L’enseigne de prêt-à-porter féminin n’aura finalement pas reçu le soutien financier de la Financière Immobilière Bordelaise, son actionnaire. Un premier revers pour Michel Ohayon, président de la holding, après les rachats successifs de Gap France et Go Sport.
Camaïeu vient d’être placée en liquidation judiciaire.
Le tribunal de commerce de Lille a tranché. Alors que la direction avait demandé la poursuite de la période d’observation jusqu’à janvier 2023, le Procureur de la République a estimé, selon la CFDT,
“que dans la mesure où Camaïeu, avait dès l’ouverture de la procédure de redressement, continué à créer de la dette, sa reprise ou son redressement paraissait compromis dès cette date.” Ce sont ainsi près de
515 magasins pour 2 500 salariés concernés par cette décision de justice. L’affaire était dès le départ mal embarquée. La direction annonçant qu’elle ne pouvait pas financer la suite de la période d’observation (90 millions d’euros). La CFDT précisait d’ailleurs que cette dernière n’était en mesure d’avoir un apport financier de seulement 14 millions d’euros. Certes, des contacts ont été pris auprès des pouvoirs publics pour obtenir, sous forme d’avance,
un financement complémentaire de 48 millions d’euros. Sans succès. L’actionnaire, selon la CFDT, ayant choisi également de ne pas remettre au pot. Ce dernier estimant que
“le plan de continuation n’était de toute façon pas viable.” Pour rappel, la société Hermione, branche retail de la holding Financière Immobilière Bordelaise (propriété de l’homme d’affaires Michel Ohayon), s’était emparée de la marque Camaïeu en août 2020.

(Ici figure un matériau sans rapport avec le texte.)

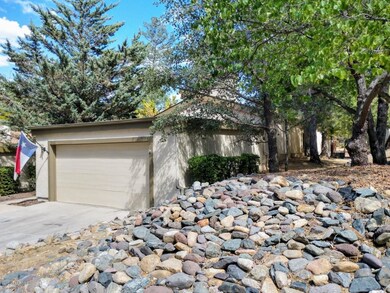West side of home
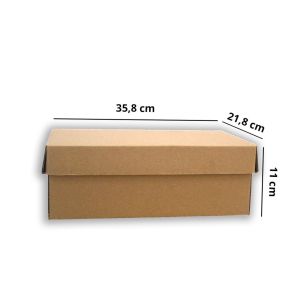 ( ISI 20 ) Dus Sepatu Die Cut 358x218x11 cm Dus Sepatu Murah Polos (Bisa custom)- Tokodus Pagarsih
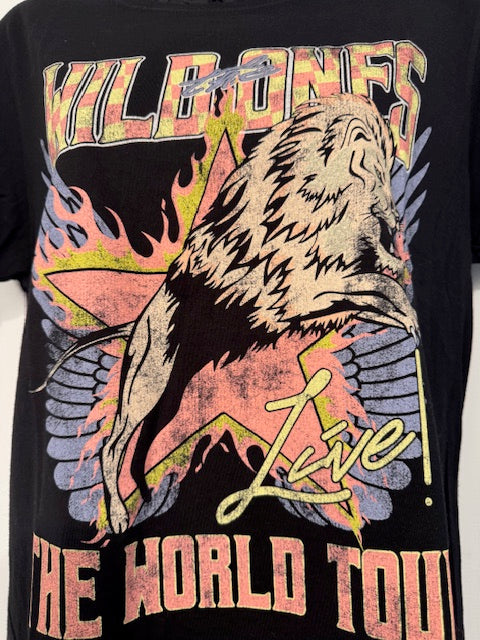 Pre-Owned Distressed Odd People The Wild Ones Tee Shirt Size Medium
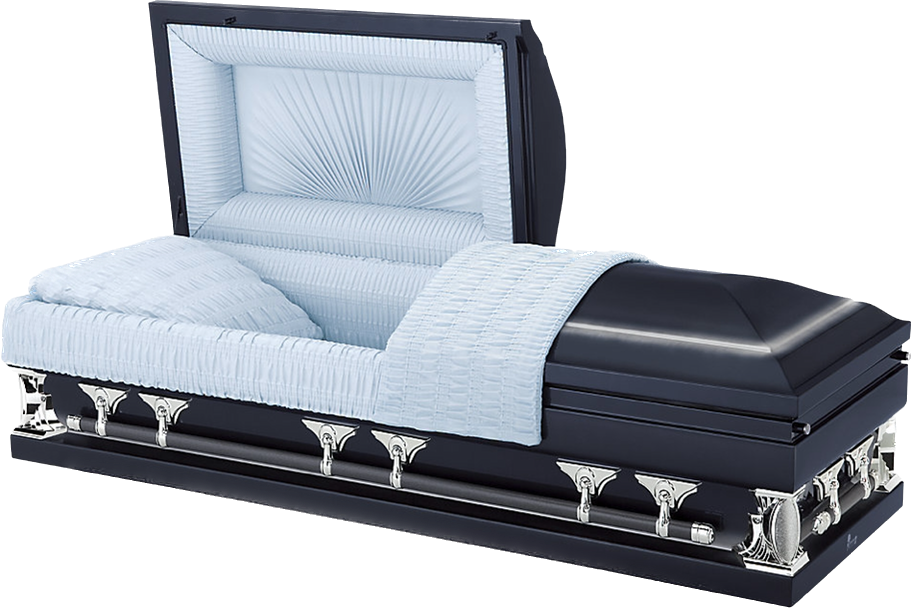 Oversized Dark Blue Casket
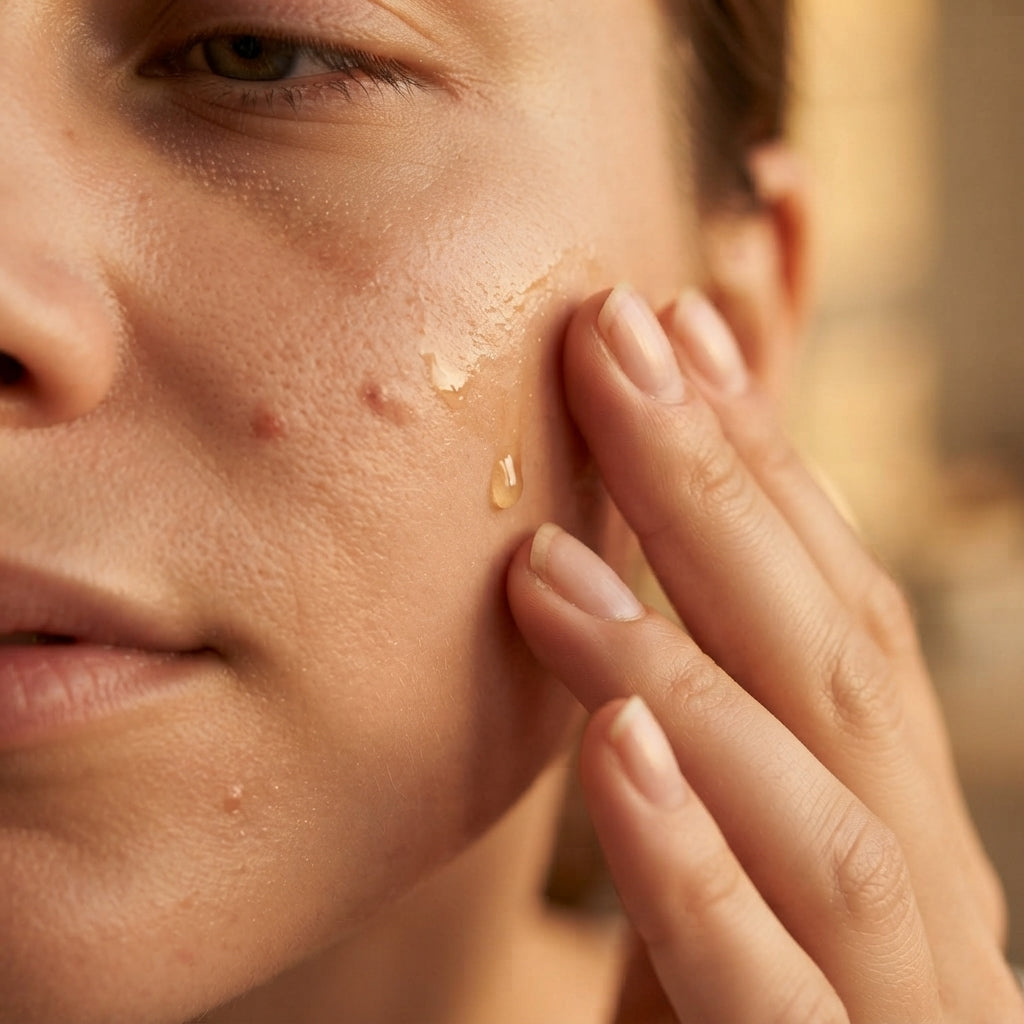 Therapium BAKURIS™ Line Smoothing Serum, in use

A noter que les administrateurs judiciaires ont sollicité
la poursuite de l’activité jusqu’à samedi soir 1er octobre afin de permettre pour l’essentiel de financer les mesures d’accompagnement du plan de sauvegarde de l’emploi.
Le montant du PSE a été évalué à 41,2 millions d’euros. Un sentiment de gâchis d’autant plus que l’enseigne venait très récemment de remporter le grand prix stratégie de la publicité 2022 via son agence Buzzman. Il semblerait que le mouvement des Gilets Jaunes, les grèves pour les retraites et bien évidemment la crise sanitaire aient été fatales à l’enseigne. C’est une grande déception pour Bouchra Roekens, déléguée CFDT et membre du CSE : “
Je suis chez Camaïeu depuis 18 ans. L’enseigne avait été reprise il y a deux ans. Moi, comme d’autres, on y croyait. À cette période, nous avions le sentiment d’être vraiment repartis. D’autant que la marque a une forte notoriété, qu’elle est historique et qu’elle parlait et savait parler aux françaises. Mais nous nous sommes rendu compte, au bout d’un an et demi, qu’il commençait à y avoir des signaux d’alarme. Les magasins ne recevaient pas la collection du moment au moment opportun. Il y avait des retards de collections. Ou bien nous recevions des collections qui ne ciblaient pas notre clientèle.” Et cette derniere d’ajouter :
“Nous avons été surpris d’apprendre le redressement de Camaïeu à la fin du mois de juillet 2022. Les administrateurs judiciaires nous ont alors expliqué la teneur financière de l’entreprise. Là, on nous a révélé l’ampleur des dettes qui s’élevaient à 250 millions d’euros.”
Un milieu de gamme en souffrance
Un premier échec donc pour la Financière Immobilière Bordelaise qui en quelques années avait annoncé, outre le rachat de Camaïeu,
la reprise de l’enseigne Go Sport ou encore de Gap France. Mais la reprise de l’enseigne aujourd’hui placée en liquidation judiciaire est synonyme surtout d’un secteur qui peine à se réinventer.
“Il y a clairement aujourd’hui trop d’offres par rapport à la demande. Rendez-vous qu’en compte qu’en 40 ans, le marché immobilier a augmenté de 5 % par an. C’est un des premiers postes de dépense des Français dont le budget n’est pas extensible. Ce naufrage de Camaïeu illustre surtout le fait que la part de gâteau dans l’habillement se réduit face à une concurrence de plus en plus féroce”, estime
Jérémie Herscovic. Et
le fondateur de SoCloz et expert du marché retail d’ajouter :
“Entre l’entrée de gamme dont la qualité s’est améliorée et une certaine offre dans le luxe désormais accessible, le milieu de gamme, ‘stuck in the middle’, souffre inévitablement. Typiquement Camaïeu. Mais ce n’est pas nouveau. Voilà plus de dix ans que l’enseigne est à la peine.” Dernier exemple en date d’un secteur fortement affaibli : le cas de l’enseigne de chaussures San Marina placée en redressement judiciaire le 20 septembre 2022.
Article réalisé en collaboration avec Valentine Puaux.